Segment Open

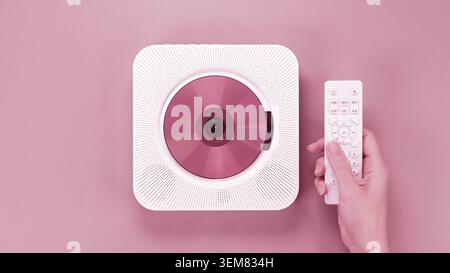 Color of year 2023 Viva Magenta. Image with hand holding controller for stylish portable compact CD player with disc is toned in pantone color. New Fa Stock Photo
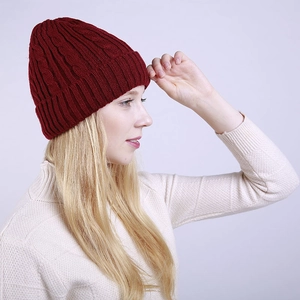Detail of burgundy cable knit winter beanie featuring thick ribbed cuff and warm texture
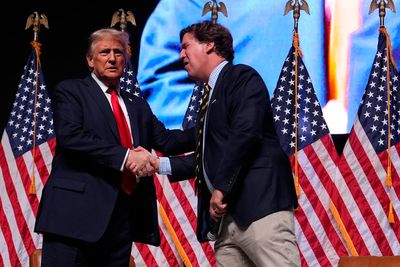 Newsmax once courted Tucker Carlson. Now they say he’s irrelevant after Trump-Iran criticism.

Segment Closed

:: PROBLEM STATEMENT ::
From the line that contains "Detail of burgundy" to the last line of the data above, inclusive, transcribe every line exactly and only those lines, omitting pictures.

:: REPLY TO THE EXERCISE ::
Detail of burgundy cable knit winter beanie featuring thick ribbed cuff and warm texture
 Newsmax once courted Tucker Carlson. Now they say he’s irrelevant after Trump-Iran criticism.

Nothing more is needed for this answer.